■ Task requirements: All lines below between the line with "Louis Vuitton Cherry" and the line with "تابلو دکوراتیو بنتلی", including both, must be copied exactly, and the pictures must be omitted.

(Record excerpts Opens)

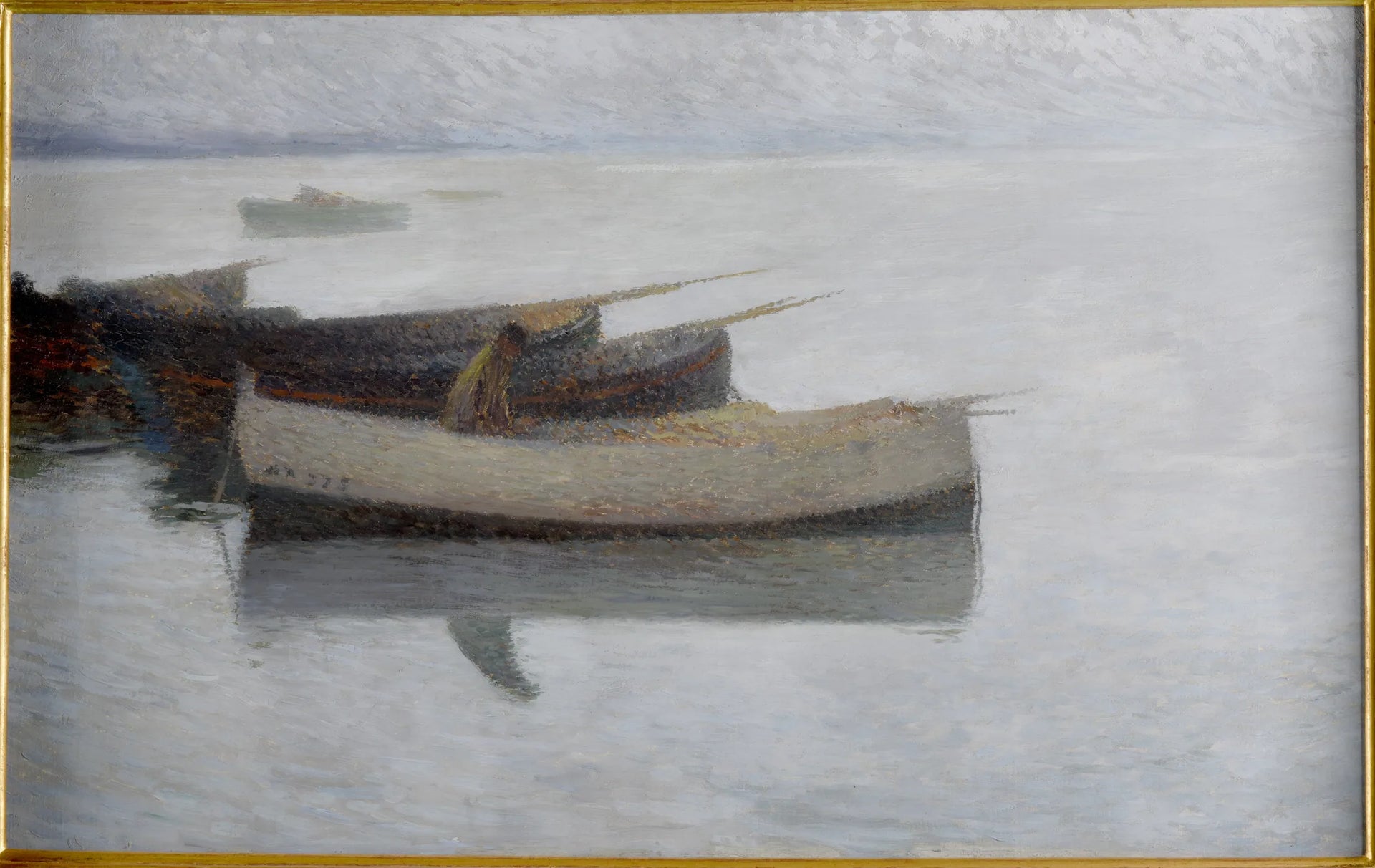 Marine par temps gris - Henri-Jean Guillaume Martin image 1 copie de tableau peinte à la main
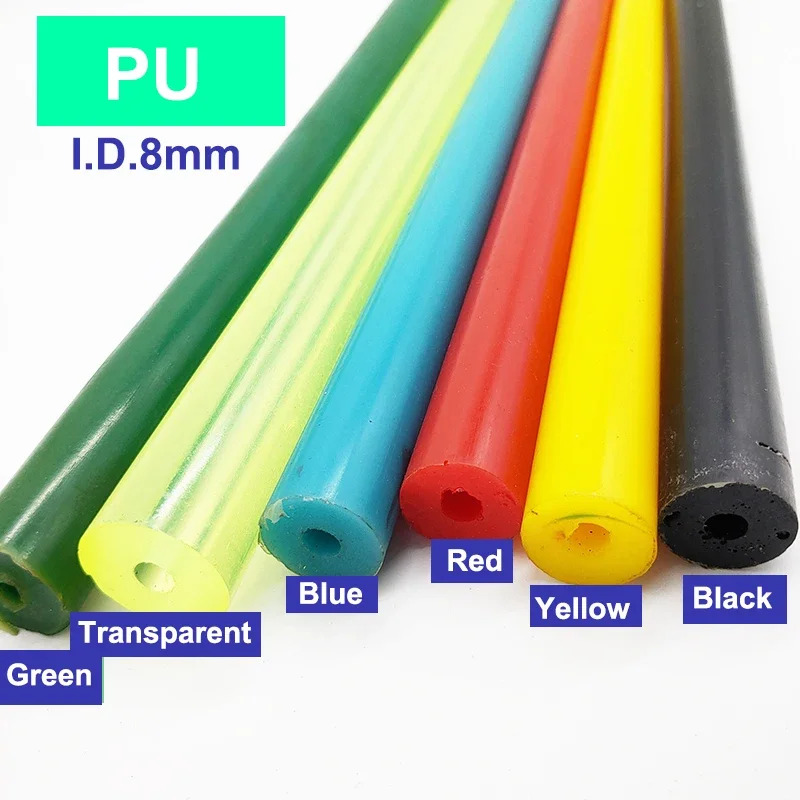 chiều dài 50cm, thanh PU màu sắc rỗng I.D.8mm, que polyurethane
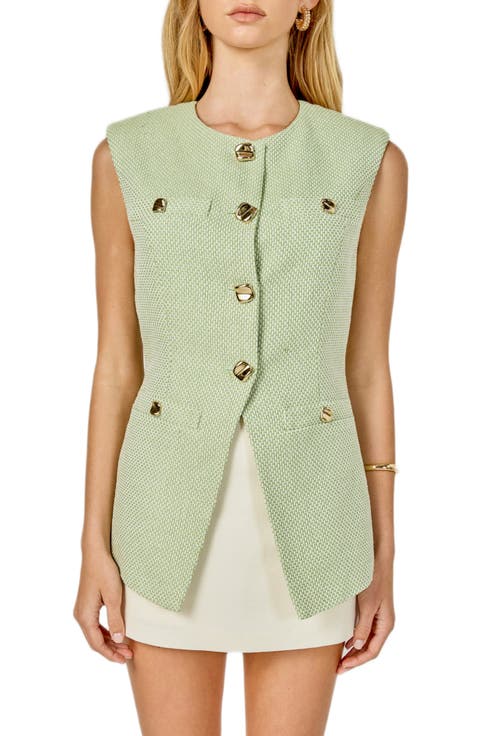 Tweed Vest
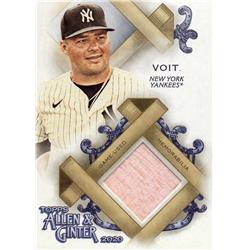 687793 Luke Voit Player Used Bat Patch New York Yankees 2020 Topps Allen & Ginter No.FSRALV Baseball Card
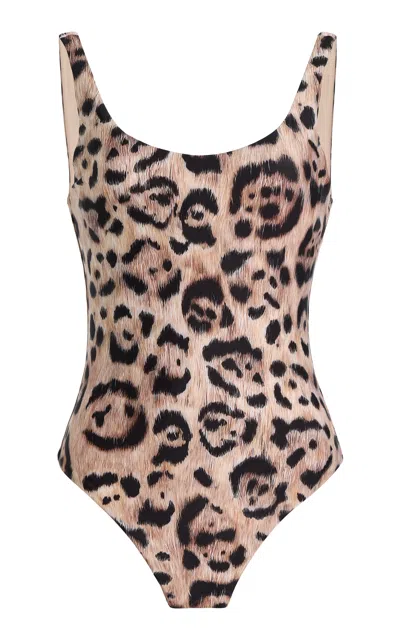 Agua By Agua Bendita Gema Leopard-print One-piece Swim Suit In Animal Print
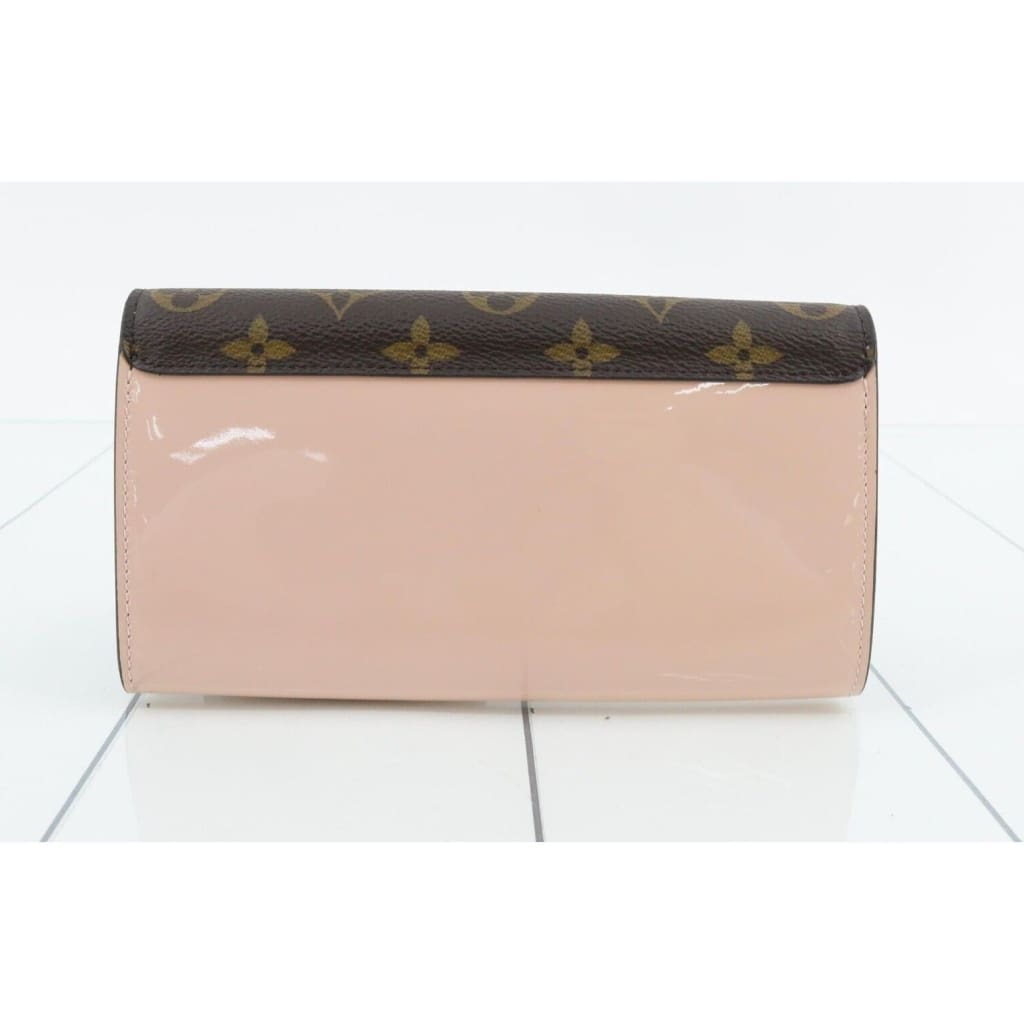 Louis Vuitton Cherry Wood Pink and Brown Portofeuil Long Wallet #35 - Pink / folding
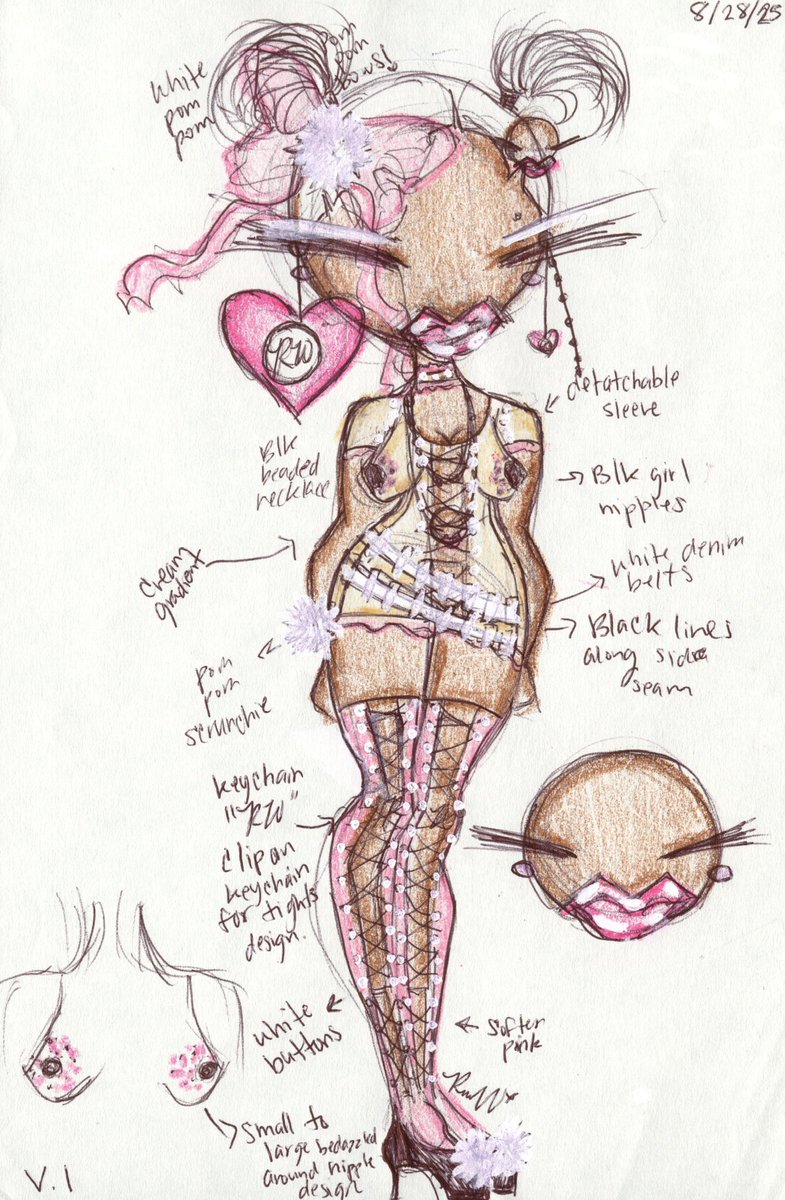 reesiegw's tweet photo. Fashion Illustrations from 2025! 🎀

Illustrated &amp; Scanned by R.W.💋 https://t.co/CoxUHFKTpJ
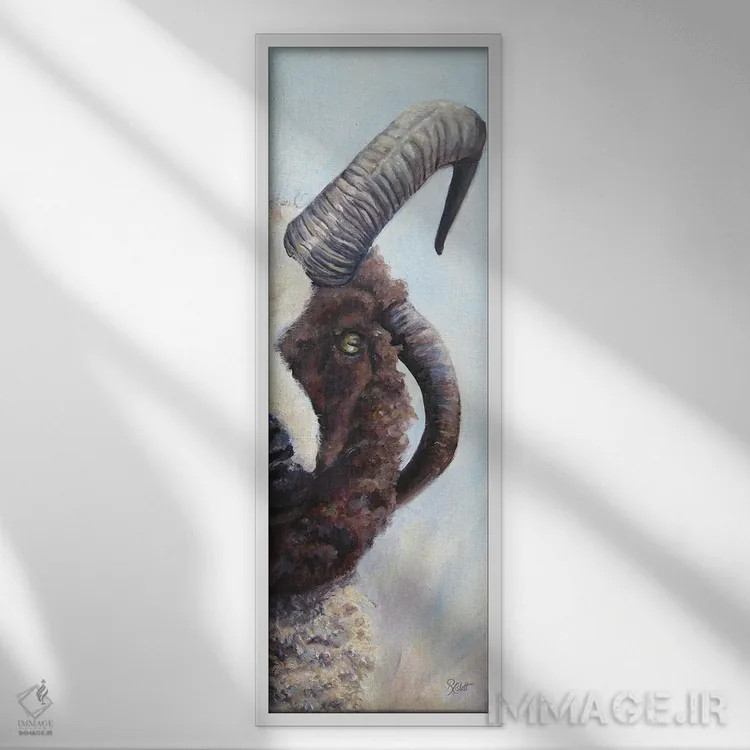 تابلو دکوراتیو بنتلی اثر روت اسلت - نمای قابدار سفید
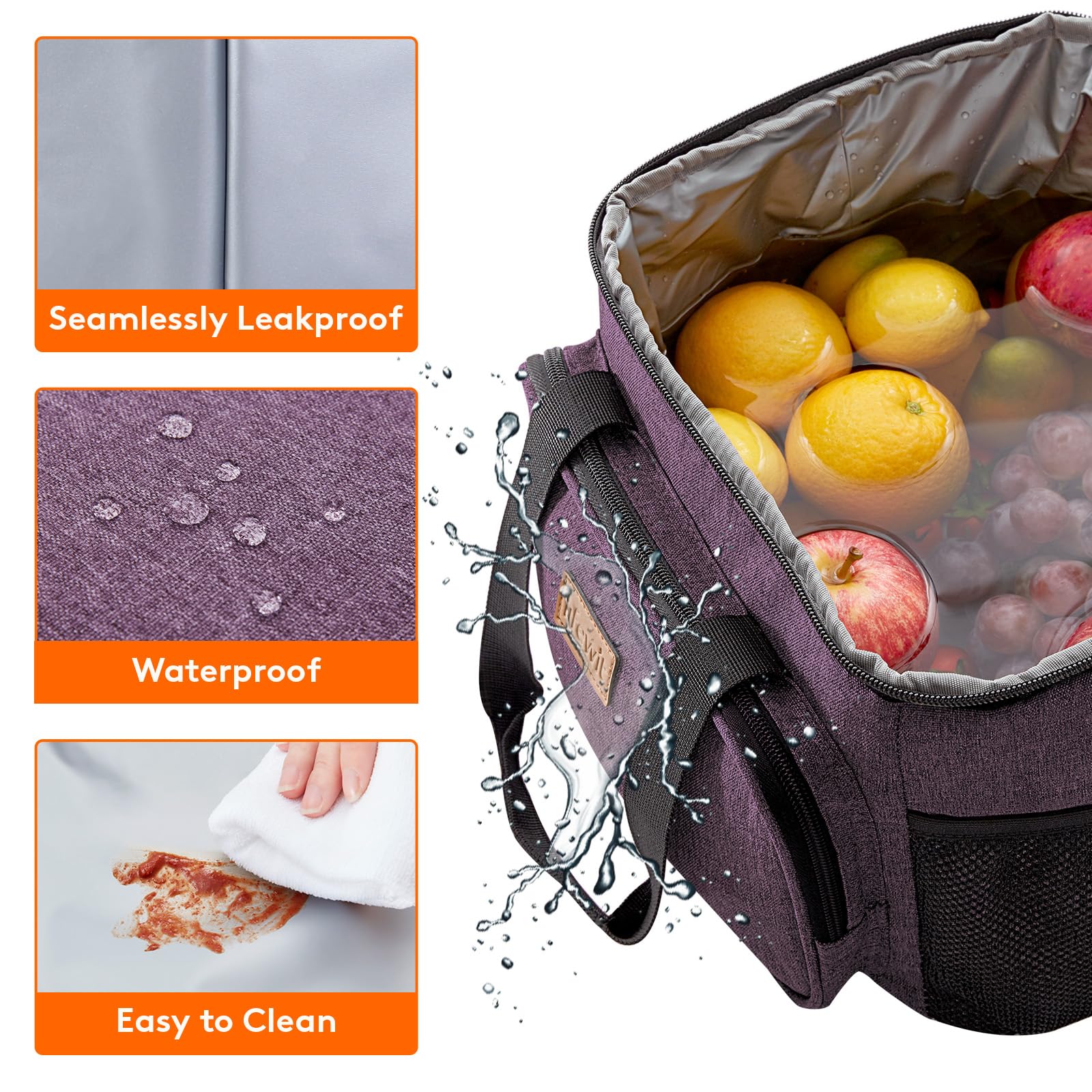 Foto 6 pulgar | Lonchera Lifewit, Grande, Aislante, 15 L, Color Morado - Venta Internacional.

(Record excerpts Closes)

■ Task response:
 Louis Vuitton Cherry Wood Pink and Brown Portofeuil Long Wallet #35 - Pink / folding
 reesiegw's tweet photo. Fashion Illustrations from 2025! 🎀

Illustrated &amp; Scanned by R.W.💋 https://t.co/CoxUHFKTpJ
 تابلو دکوراتیو بنتلی اثر روت اسلت - نمای قابدار سفید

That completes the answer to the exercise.